▸ Aim of the task
Repeat every line of the data exactly; no picture belongs in the copy.

▸ Information supplied
************

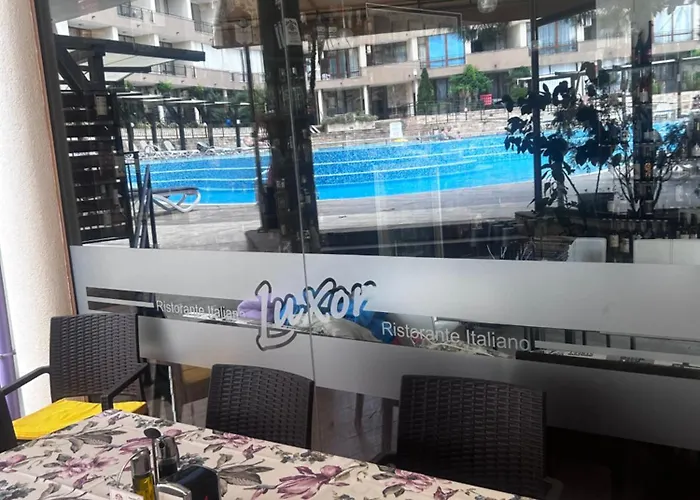 Apartman Sorrento E 24
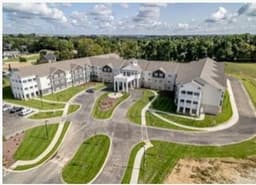 Bridgepointe Gardens - Gallery Image 5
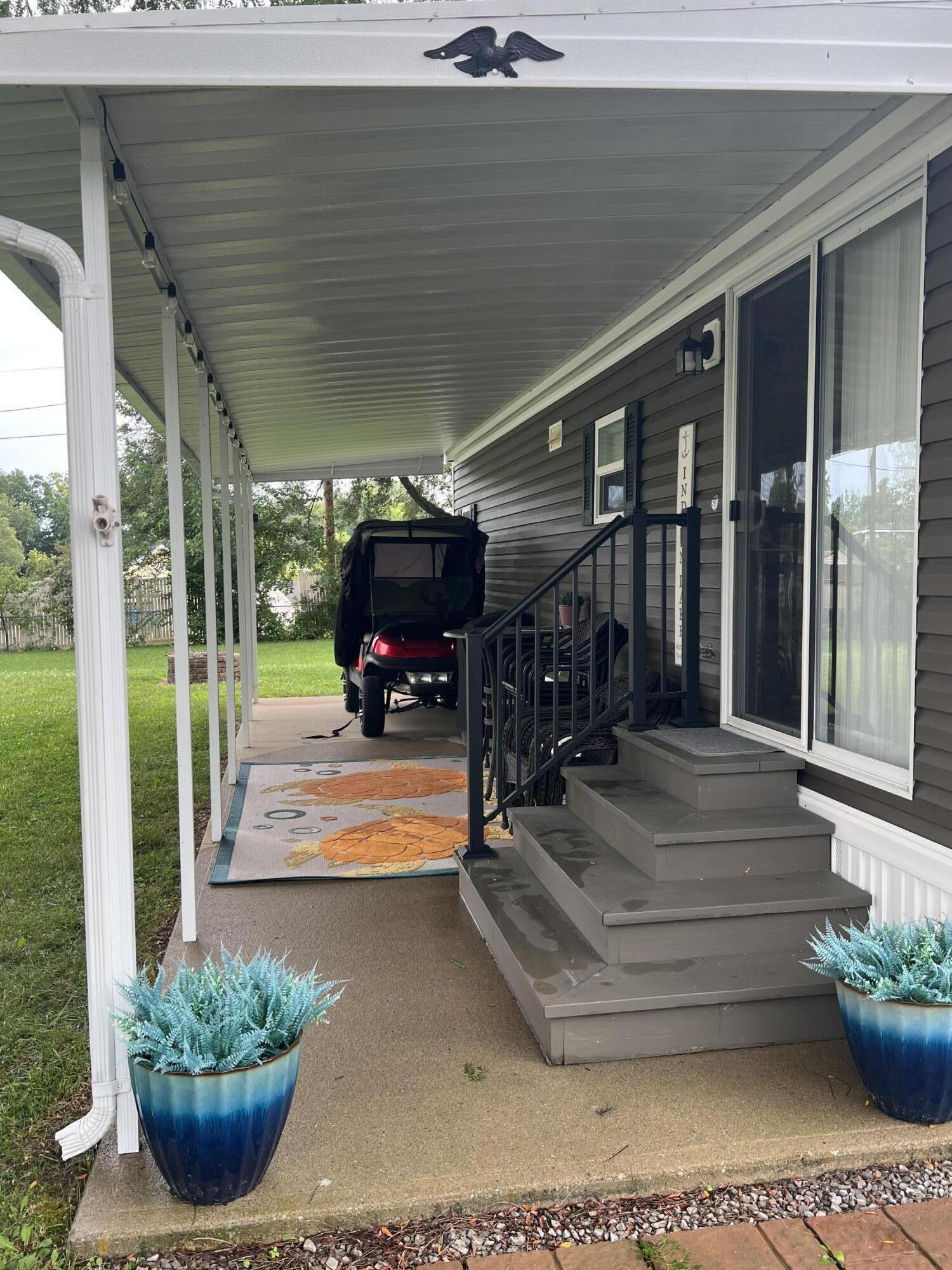11377 Township Road 266, Lakeview, Ohio 43331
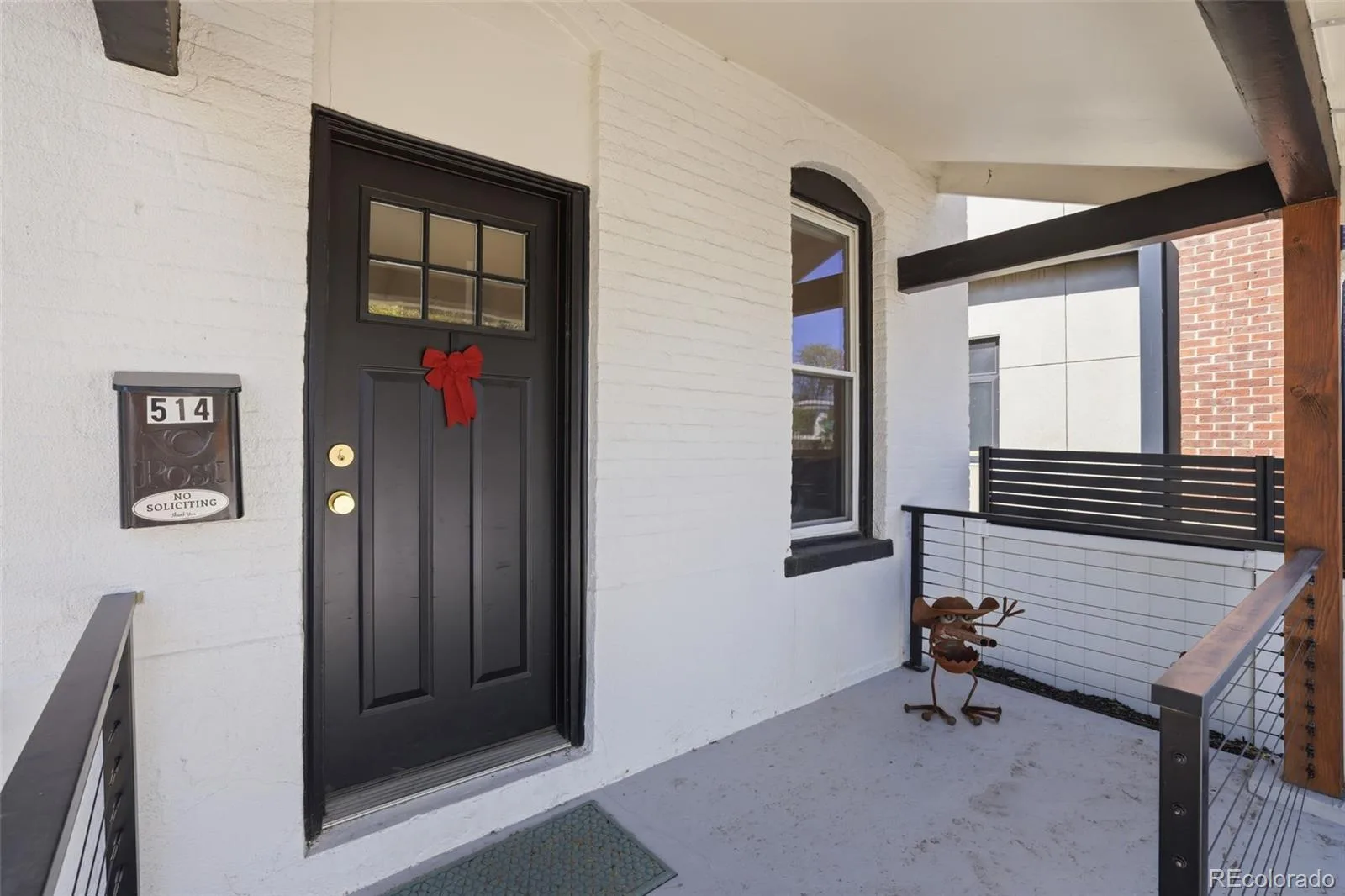 514 E Louisiana Avenue Denver CO 80210 MLS #REC8689093 07142026165906 1600 3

************

▸ Output for this exercise
 Apartman Sorrento E 24
 Bridgepointe Gardens - Gallery Image 5
11377 Township Road 266, Lakeview, Ohio 43331
 514 E Louisiana Avenue Denver CO 80210 MLS #REC8689093 07142026165906 1600 3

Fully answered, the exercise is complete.